Asteroseismic analysis of the roAp star α Circini: 84 d of high-precision photometry from the WIRE satellite

We present a detailed study of the pulsation of alpha Circini, the brightest of the rapidly oscillating Ap stars. We have obtained 84 d of high-precision photometry from four runs with the star tracker on the WIRE satellite. Simultaneously, we collected ground-based Johnson B observations on 16 nights at the South African Astronomical Observatory. In addition to the dominant oscillation mode at 2442 mu Hz, we detect two newmodes that lie symmetrically around the principal mode to form a triplet. The average separation between these modes is Delta f = 30.173 +/- 0.004 mu Hz and they are nearly equidistant with the separations differing by only 3.9 nHz.

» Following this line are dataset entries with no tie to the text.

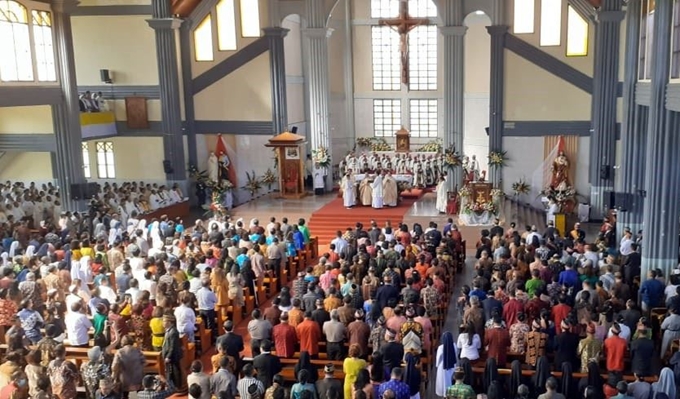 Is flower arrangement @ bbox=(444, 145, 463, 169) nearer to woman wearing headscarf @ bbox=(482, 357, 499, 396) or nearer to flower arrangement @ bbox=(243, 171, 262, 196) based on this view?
flower arrangement @ bbox=(243, 171, 262, 196)

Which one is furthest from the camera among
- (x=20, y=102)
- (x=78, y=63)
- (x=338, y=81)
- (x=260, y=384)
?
(x=338, y=81)

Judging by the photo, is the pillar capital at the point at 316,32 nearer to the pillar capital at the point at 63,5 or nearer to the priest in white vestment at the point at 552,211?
the pillar capital at the point at 63,5

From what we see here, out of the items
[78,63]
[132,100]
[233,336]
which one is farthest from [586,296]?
[78,63]

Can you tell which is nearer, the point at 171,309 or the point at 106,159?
the point at 171,309

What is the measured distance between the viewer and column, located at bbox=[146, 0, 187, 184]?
25.3 m

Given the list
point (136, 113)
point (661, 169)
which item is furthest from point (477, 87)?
point (661, 169)

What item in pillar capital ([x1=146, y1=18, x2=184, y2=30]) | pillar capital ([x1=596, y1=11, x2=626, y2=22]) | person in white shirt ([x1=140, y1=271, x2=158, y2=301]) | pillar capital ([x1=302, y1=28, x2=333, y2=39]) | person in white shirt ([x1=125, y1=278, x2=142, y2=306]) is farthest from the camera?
pillar capital ([x1=302, y1=28, x2=333, y2=39])

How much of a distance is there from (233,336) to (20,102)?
42.9 feet

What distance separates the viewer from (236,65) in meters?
26.7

We compare the observed frequencies with theoretical pulsation models based on constraints from the recently determined interferometric radius and effective temperature, and the recently updated Hipparcos parallax. We show that the theoretical large separations for models of alpha Cir with global parameters within the 1 sigma observational uncertainties vary between 59 and 65 mu Hz. This is consistent with the large separation being twice the observed value of Delta f, indicating that the three main modes are of alternating even and odd degrees. The frequency differences in the triplet are significantly smaller than those predicted from our models, for all possible combinations of mode degrees, and may indicate that the effects of magnetic perturbations need to be taken into account. The WIRE light curves are modulated by a double wave with a period of 4.479 d, and a peak-to-peak amplitude of 4 mmag. This variation is due to the rotation of the star and is a new discovery, made possible by the high precision of the WIRE photometry. The rotational modulation confirms an earlier indirect determination of the rotation period. The main pulsation mode at 2442 mu Hz has two sidelobes split by exactly the rotation frequency. From the amplitude ratio of the sidelobes to the central peak, we show that the principal mode is consistent with an oblique axisymmetric dipole mode (l = 1, m = 0) or with a magnetically distorted mode of higher degree with a dominant dipolar component.